- [YOUR ASSIGNMENT]
Should the listing contain images, exclude them; give the rest again exactly.

- [EXERCISE DATA]
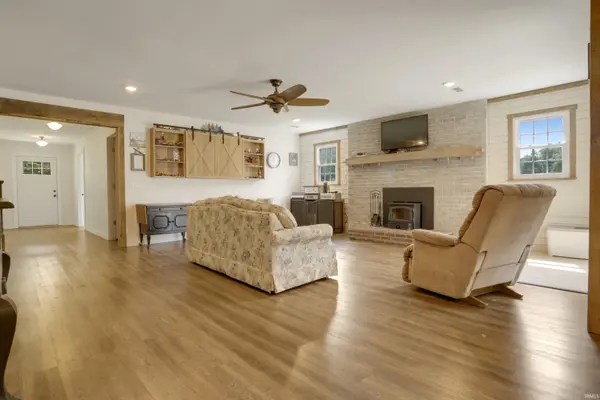 8411 N SR 161 RD, Gentryville, IN 47537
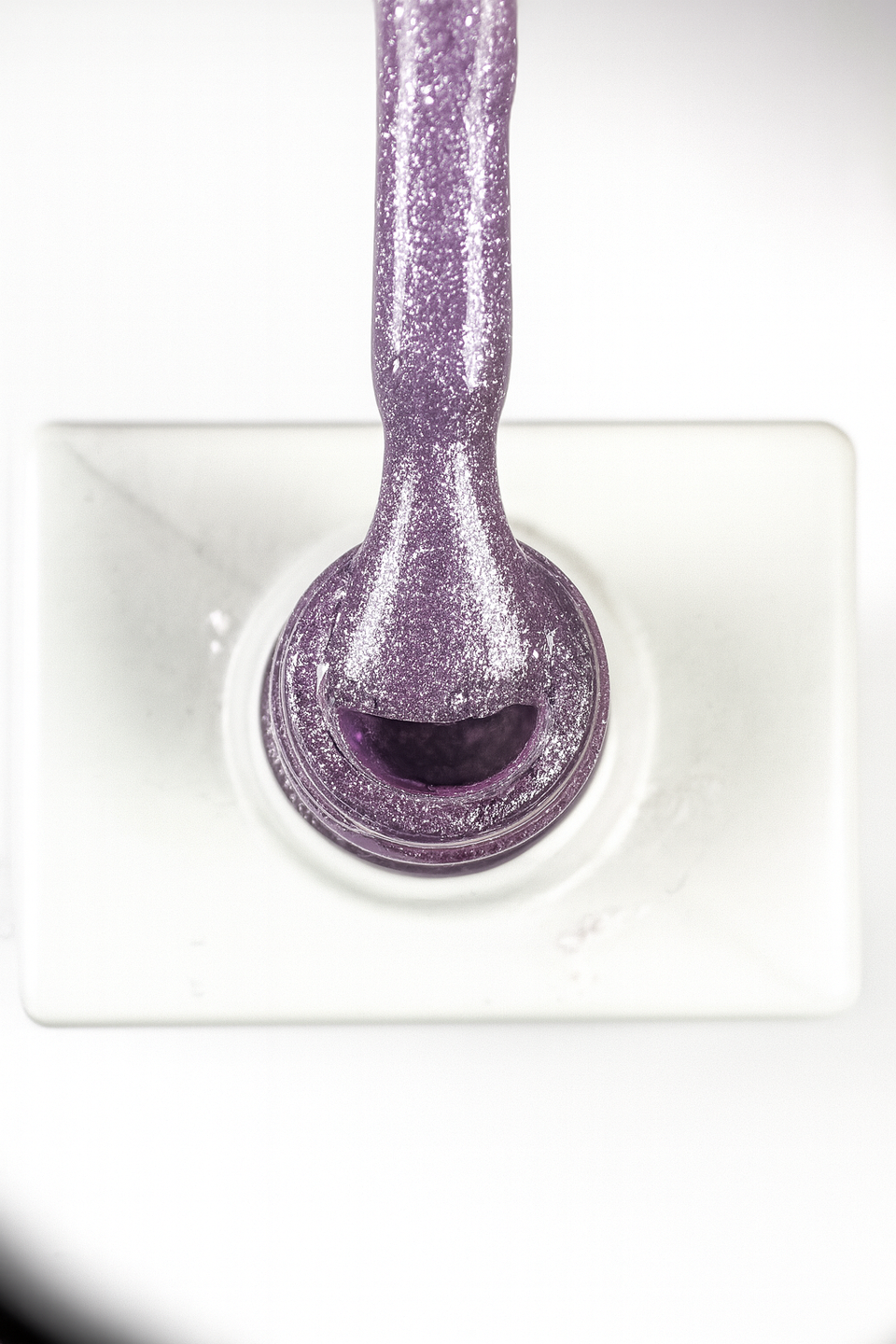 Cum să alegi baza rubber perfectă pentru tipul tău de unghii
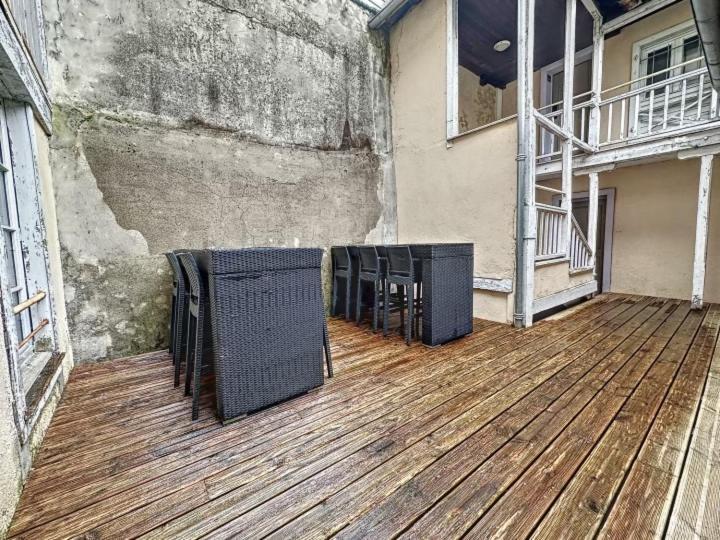 Residence Bury Tulle Bagian luar foto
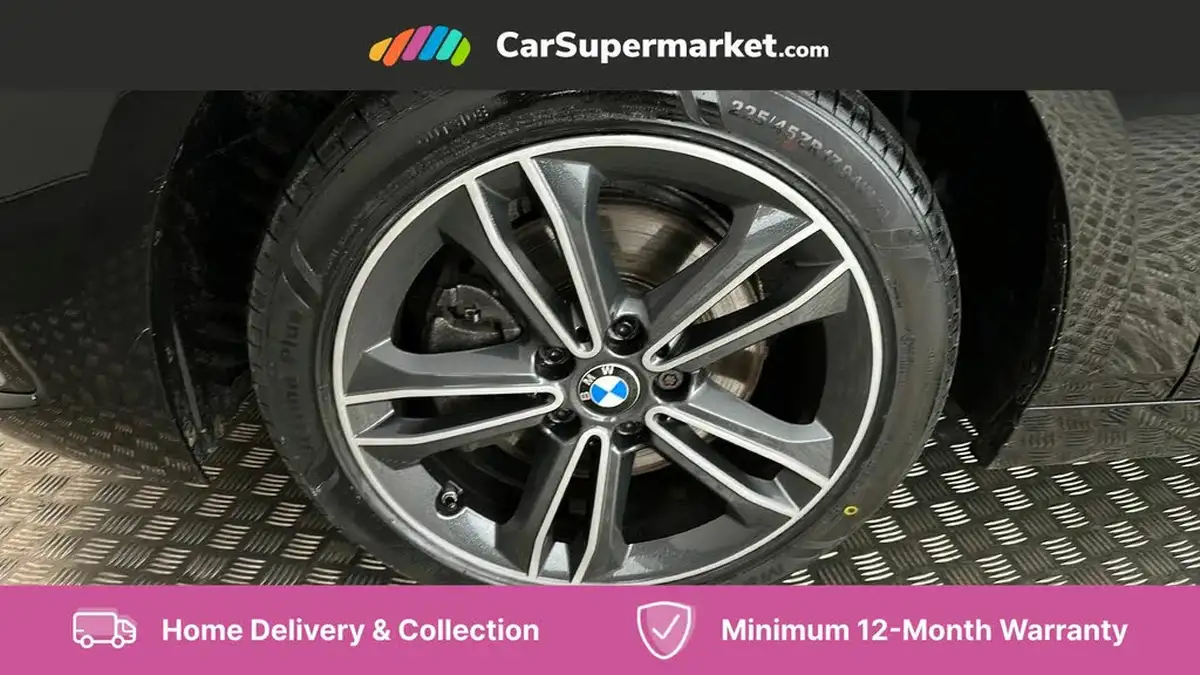 2022-bmw-1-series-15-118i-sport-big-18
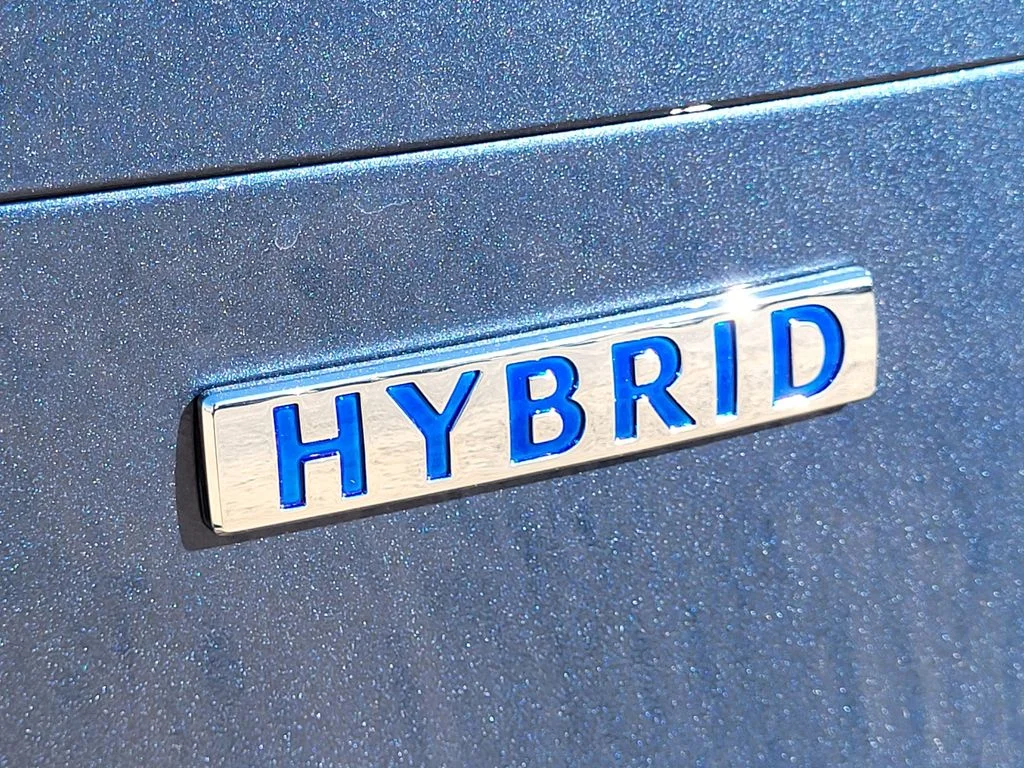 Used 2026 Ingot Blue Metallic Mazda Preferred image 8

- [TASK SOLUTION]
 8411 N SR 161 RD, Gentryville, IN 47537
 Cum să alegi baza rubber perfectă pentru tipul tău de unghii
 Residence Bury Tulle Bagian luar foto
 2022-bmw-1-series-15-118i-sport-big-18
 Used 2026 Ingot Blue Metallic Mazda Preferred image 8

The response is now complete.